Some in the Christmas tree industry sought to develop a promotional program to assist the industry. After three failed attempts to set up a voluntary system, they turned to the federal government to do what it couldn't: Force Christmas tree producers and importers to pay for a Christmas tree promotion program. On November 8, 2011, the Obama administration issued a final rule that approved a new program to help promote Christmas trees:
- The government would set up a Christmas Tree Promotion Board, with one of its goals being "to enhance the image of Christmas trees and the Christmas tree industry in the United States."
- It isn't clear why Christmas trees need help with their pristine and festive image.
- The new program would include a 15 cent "assessment" on fresh cut Christmas trees, which could eventually rise to 20 cents per tree.
- After significant backlash initially, the Obama administration backed away from imposing this tax and on November 17, 2011, the administration issued a stay of this tax.
- The stay may now be lifted thanks to an amendment in the farm bill.
There are many Christmas tree producers and importers that don't want this new tax.
- Based on the comments received by the Department of Agriculture regarding the program, about 26 percent of the commenters opposed it.
- If producers and importers oppose the tax, they will still have no choice but to pay it.
- Unlike in a voluntary and private arrangement, the Christmas tree industry now has the government doing its dirty work by getting the government to enforce the tax and punish those who fail to comply.
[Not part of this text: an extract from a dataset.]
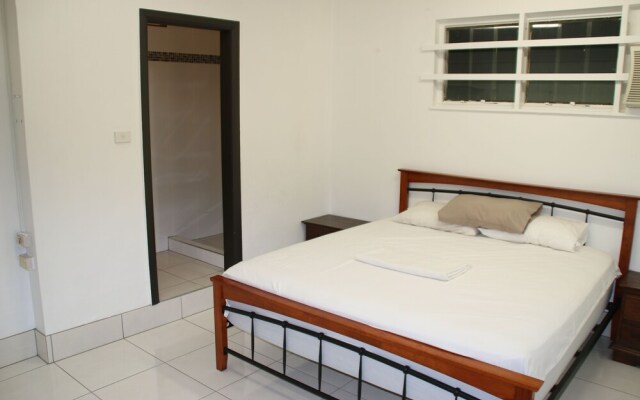 Lazy Duck Hostel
The House should make it a priority to repeal the Christmas tree tax if the farm bill is debated on the floor. While they're at it, they should repeal similar programs that impose taxes on commodities. Businesses shouldn't be forced to pay taxes against their will just because other businesses in their industry, likely businesses much bigger than them, are using the federal government to be their own taxman. Even the Grinch would disapprove of such policies.